▶ TASK DESCRIPTION:
The part below that opens with the line containing "Miniatyrbild 3 av" and closes with the line containing "Absolutely Fabulous - Der Film [DVD]" should be copied exactly, minus any pictures.

▶ DATA SHOWN:
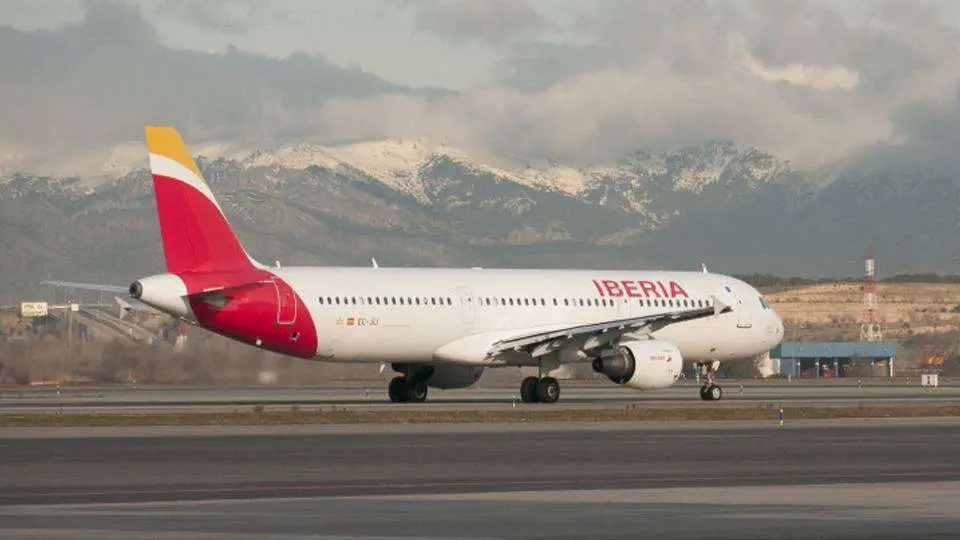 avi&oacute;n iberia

---

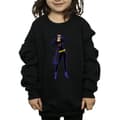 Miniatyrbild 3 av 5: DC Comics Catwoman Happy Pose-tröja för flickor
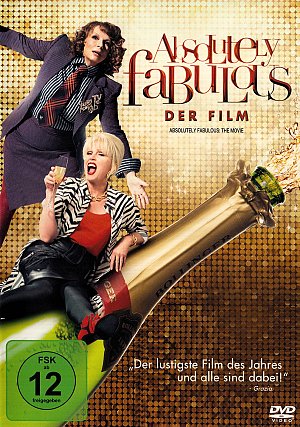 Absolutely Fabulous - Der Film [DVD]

▶ RESPONSE TO THE EXERCISE:
 Miniatyrbild 3 av 5: DC Comics Catwoman Happy Pose-tröja för flickor
 Absolutely Fabulous - Der Film [DVD]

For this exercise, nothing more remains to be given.